The Power of Powell
Federal Reserve Chairman Jerome Powell and the inclinations of the central bank remained the key debate last month as they attempt to lead the economy through a year of policy tightening to combat high inflation.
With the next Fed meeting now only a few weeks away, investors are eager for what’s to come. The mid-summer rally was largely predicated on rising expectations that the Fed may pause its rate hike campaign, alleviating markets from what has been steady, if not aggressive, policy pressures.
At their annual Jackson Hole summit last week, US equities fell sharply in response to Chairman Powell’s comments regarding the Fed’s mindset ahead of their next meeting. Powell implied a willingness to further raise interest rates and maintain them at elevated levels until they feel inflation is down to a comfortable level.
With many expecting another significant, 0.75% rate hike in September, which would be third increase of that degree this year, markets sold off on fears for what it would mean for the economy. In fixed-income, the US 10-Year Treasury yield was more stubborn in reacting to the Fed’s discourse, holding well above the 3% level.
The debate over what the Fed will or won’t do next is the top issue driving shorter term movements in financial markets. The central bank is caught between two subpar choices.
Driving down inflation will likely require demand destruction that pushes the economy into recession. And while they are loath to cause a recession, they also must maintain their inflation fighting credibility.
Given the choices, we see the Fed as on a warpath against inflation. In addition, we believe the economy is already showing signs of weakness, and as a result, the risk of recession in the US and other major economies has increased significantly.
As an active manager, we will continue monitoring macroeconomic developments and acting with caution as we de-risk portfolios and position for a slowdown.
Enjoying the Ride?
This year has been a rollercoaster of market ups and downs. While everyone enjoys the ups, the downs can be difficult to cope with. Add in high inflation and a gloomy outlook, and investors can be left feeling hopeless and restless.
Yet, acting on these feelings by ‘just doing something’ can cause more harm than good.
Instead, shift your focus to these five timeless truths that will help reset your mentality to handle whatever the rest of the year has in store. We share all five in ‘Surviving Market Ups and Downs’.
Real Estate: Good for a Downturn?
There will always be investment opportunities, even with a more cautious outlook. Real estate is an area of opportunity that, when managed correctly, can be positioned to add value in both market ups and downs.
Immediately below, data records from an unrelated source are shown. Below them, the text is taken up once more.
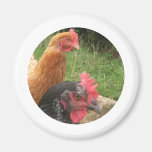 Chicken Fridge Magnet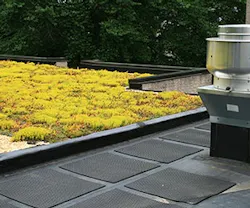1652313961734 B 0415 Newsfeed Greenroof 1652313961734 B 0415 Newsfeed Greenroof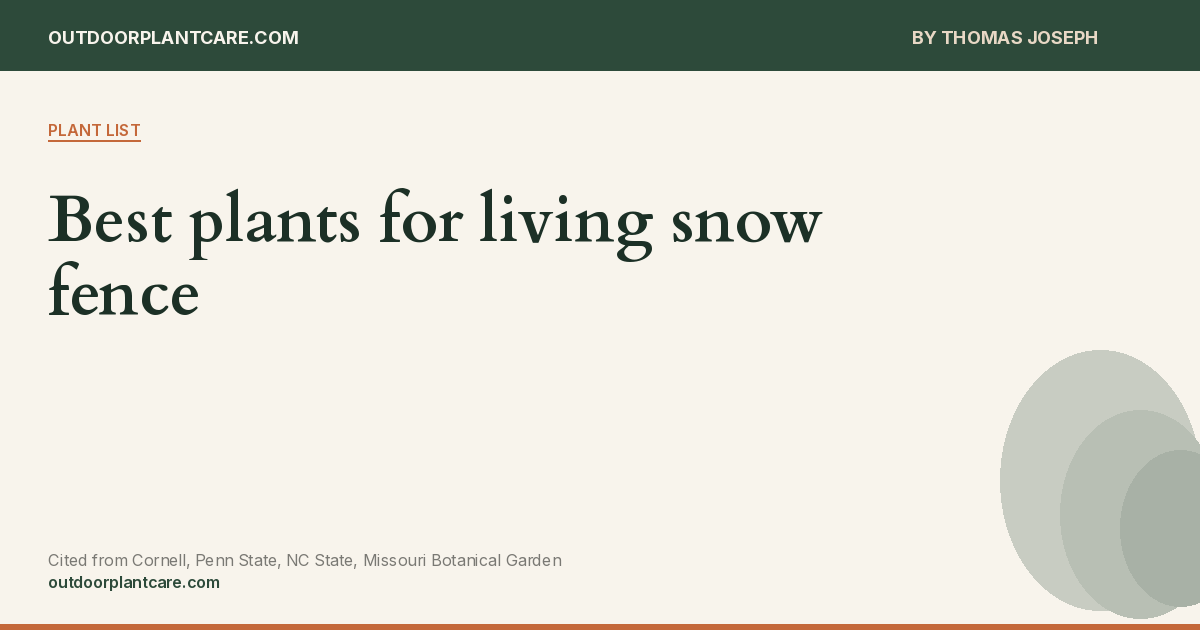 Best plants for living snow fence | Outdoor Plant Care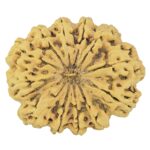 12 Mukhi Rudraksha 38.6mm 8.75gm - Rudraksha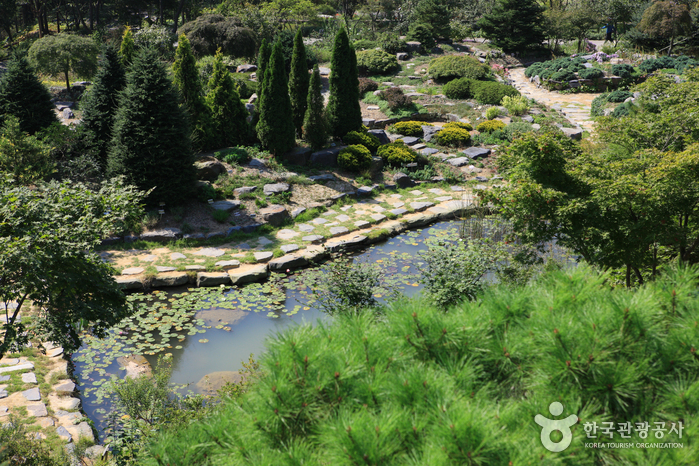 Hantaek Botanical Garden (한택식물원)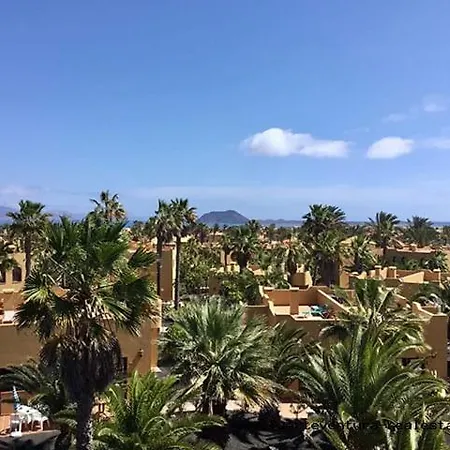 Апартаменты Oasis Papagayo Коральео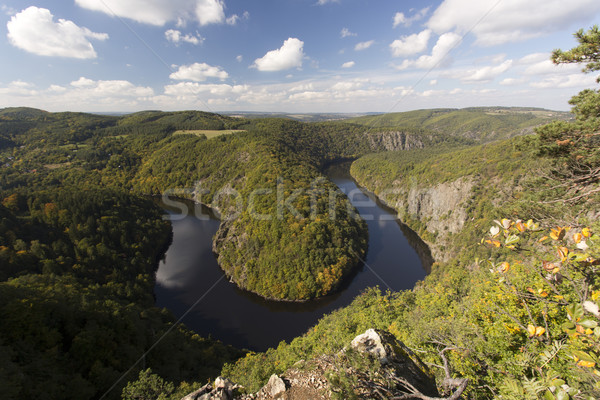 Folyó gyönyörű Csehország égbolt víz erdő Stock fotó © jarin13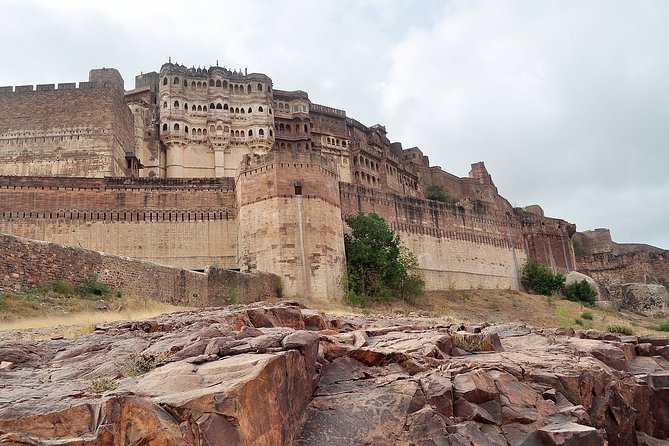 Kite Feeding Experience at Mehrangarh Fort, Jodhpur - Terms and Conditions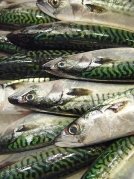 Pisces sign: fishes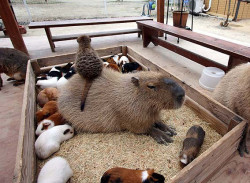 animalssittingoncapybaras:Meerkat + Capybara 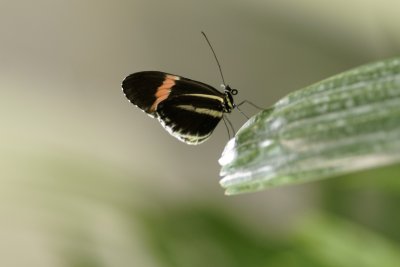 Longwing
Looking within the sector, we see select areas that are well positioned to withstand a downturn.
For example, medical office buildings have built-in, resilient demand as health care is an essential service and as hospitals further ‘offload’ exams, procedures, and surgeries to these off-site locations. Cell towers are another area with stable, long-term potential as carriers implement new 5G networks through tower upgrades.
Both areas have long-term characteristics that should carry them through a downturn. These characteristics are top of mind for our research team as our outlook remains cautious. In the same vein, we’re actively making appropriate asset allocation adjustments to include more defensive positions within portfolios, from a stock-by-stock, bottom-up lens. Part of this exercise is identifying areas that, when managed correctly, can be positioned to provide a degree of downside risk management.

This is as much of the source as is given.